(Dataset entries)

##############################

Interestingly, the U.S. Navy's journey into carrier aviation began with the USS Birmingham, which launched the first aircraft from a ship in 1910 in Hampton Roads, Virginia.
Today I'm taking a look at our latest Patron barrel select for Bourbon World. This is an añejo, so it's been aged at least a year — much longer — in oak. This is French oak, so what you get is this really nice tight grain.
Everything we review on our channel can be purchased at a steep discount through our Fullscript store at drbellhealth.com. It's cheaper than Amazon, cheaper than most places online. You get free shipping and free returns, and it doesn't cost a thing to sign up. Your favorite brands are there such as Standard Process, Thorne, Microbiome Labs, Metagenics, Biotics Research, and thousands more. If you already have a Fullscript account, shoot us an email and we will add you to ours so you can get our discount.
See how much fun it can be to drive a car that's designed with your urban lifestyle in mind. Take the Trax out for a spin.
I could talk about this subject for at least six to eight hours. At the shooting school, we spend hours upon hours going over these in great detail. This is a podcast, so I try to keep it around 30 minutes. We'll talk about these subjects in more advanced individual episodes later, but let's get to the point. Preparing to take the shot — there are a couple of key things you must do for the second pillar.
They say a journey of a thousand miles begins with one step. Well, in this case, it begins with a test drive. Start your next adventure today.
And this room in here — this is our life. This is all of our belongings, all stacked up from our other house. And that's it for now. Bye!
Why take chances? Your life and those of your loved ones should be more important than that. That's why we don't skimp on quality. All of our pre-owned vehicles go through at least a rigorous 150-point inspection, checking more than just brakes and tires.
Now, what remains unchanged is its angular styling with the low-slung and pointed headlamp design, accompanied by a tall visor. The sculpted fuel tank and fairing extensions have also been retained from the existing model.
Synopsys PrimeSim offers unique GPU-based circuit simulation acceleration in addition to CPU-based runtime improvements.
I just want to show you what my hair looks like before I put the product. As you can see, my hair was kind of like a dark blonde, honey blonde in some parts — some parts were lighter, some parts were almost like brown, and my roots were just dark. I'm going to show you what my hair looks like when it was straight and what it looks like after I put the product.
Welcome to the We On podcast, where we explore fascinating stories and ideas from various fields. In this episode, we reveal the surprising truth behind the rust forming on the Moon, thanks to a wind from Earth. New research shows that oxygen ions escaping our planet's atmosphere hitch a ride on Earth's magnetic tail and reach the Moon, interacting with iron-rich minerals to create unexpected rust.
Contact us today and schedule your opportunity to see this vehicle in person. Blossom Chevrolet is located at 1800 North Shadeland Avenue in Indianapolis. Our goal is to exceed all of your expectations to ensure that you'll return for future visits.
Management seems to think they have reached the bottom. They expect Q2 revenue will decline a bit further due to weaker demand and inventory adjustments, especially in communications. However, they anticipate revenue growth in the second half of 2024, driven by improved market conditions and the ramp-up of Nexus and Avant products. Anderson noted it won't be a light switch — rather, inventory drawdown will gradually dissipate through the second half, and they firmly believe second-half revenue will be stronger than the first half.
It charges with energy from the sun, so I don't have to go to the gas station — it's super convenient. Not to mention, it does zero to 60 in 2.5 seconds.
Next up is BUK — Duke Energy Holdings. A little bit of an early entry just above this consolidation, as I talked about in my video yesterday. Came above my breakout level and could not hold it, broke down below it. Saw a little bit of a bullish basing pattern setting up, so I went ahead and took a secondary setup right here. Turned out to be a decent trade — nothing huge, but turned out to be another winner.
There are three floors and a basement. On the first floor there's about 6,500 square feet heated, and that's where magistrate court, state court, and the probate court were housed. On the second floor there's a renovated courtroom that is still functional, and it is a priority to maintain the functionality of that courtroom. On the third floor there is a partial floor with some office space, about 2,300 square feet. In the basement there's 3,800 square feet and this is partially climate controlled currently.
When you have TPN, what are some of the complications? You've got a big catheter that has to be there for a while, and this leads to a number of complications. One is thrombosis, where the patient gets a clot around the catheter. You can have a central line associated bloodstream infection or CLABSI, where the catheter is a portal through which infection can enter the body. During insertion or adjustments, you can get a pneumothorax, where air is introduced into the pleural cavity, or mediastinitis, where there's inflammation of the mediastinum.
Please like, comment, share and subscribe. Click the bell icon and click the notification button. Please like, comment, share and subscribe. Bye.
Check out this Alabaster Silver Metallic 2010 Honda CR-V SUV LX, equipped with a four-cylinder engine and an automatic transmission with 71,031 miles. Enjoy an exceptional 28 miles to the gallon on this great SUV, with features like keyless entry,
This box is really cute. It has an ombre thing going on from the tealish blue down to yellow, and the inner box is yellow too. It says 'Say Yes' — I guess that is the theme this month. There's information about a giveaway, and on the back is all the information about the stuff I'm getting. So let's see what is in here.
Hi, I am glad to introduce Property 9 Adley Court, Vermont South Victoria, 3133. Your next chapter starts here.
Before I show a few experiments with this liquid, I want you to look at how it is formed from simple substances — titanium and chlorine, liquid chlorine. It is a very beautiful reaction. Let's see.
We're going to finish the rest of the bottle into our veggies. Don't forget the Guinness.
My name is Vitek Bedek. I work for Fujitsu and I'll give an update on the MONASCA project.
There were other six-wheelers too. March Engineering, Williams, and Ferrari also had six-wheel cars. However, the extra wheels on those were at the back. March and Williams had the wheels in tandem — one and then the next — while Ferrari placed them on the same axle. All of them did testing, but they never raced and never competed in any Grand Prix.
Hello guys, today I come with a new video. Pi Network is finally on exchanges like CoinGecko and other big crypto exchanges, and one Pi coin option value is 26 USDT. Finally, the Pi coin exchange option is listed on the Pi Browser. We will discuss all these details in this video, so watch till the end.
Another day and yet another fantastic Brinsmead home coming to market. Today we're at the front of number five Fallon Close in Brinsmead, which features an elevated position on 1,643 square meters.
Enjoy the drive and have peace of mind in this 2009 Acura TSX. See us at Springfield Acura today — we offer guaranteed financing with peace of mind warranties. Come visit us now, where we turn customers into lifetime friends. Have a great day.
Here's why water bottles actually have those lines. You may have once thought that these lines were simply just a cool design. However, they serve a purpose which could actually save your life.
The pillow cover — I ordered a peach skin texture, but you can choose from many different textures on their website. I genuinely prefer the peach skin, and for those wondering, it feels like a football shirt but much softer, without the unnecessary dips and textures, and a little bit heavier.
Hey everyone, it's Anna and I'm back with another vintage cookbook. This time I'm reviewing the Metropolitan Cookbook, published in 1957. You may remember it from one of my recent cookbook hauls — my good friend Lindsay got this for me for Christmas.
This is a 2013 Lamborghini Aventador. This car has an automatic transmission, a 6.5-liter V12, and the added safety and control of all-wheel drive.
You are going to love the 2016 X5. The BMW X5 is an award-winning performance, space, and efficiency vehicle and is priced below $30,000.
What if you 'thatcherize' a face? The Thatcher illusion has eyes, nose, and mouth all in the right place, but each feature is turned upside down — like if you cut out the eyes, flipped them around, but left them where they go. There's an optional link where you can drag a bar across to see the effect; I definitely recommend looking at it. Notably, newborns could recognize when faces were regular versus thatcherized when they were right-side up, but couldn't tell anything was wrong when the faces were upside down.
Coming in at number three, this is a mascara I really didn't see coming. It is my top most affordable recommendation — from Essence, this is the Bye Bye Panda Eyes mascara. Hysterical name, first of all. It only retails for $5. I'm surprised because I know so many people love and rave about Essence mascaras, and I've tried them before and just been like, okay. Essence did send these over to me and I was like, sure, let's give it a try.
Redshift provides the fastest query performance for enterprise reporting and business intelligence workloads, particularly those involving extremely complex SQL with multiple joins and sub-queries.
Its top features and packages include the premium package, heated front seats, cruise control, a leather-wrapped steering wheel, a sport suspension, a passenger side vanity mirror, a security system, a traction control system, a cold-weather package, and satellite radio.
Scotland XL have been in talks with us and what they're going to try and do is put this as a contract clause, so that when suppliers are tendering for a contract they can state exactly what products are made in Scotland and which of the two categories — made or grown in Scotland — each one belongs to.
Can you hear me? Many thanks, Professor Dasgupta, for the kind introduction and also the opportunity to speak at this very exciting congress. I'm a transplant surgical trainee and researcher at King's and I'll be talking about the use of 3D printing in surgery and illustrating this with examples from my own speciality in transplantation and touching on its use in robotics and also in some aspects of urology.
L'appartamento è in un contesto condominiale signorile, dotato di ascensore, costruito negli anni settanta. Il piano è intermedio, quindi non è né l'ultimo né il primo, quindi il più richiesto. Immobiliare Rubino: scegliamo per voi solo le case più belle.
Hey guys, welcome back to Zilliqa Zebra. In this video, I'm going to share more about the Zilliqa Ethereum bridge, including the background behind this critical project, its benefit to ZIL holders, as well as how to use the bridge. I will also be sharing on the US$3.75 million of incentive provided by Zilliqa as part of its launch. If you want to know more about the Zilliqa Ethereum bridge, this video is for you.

##############################

§ What the task asks: The first line of the entries above and every line after it, up to and including the line with "Today I'm taking", should be set down exactly.

§ The completed task:
Interestingly, the U.S. Navy's journey into carrier aviation began with the USS Birmingham, which launched the first aircraft from a ship in 1910 in Hampton Roads, Virginia.
Today I'm taking a look at our latest Patron barrel select for Bourbon World. This is an añejo, so it's been aged at least a year — much longer — in oak. This is French oak, so what you get is this really nice tight grain.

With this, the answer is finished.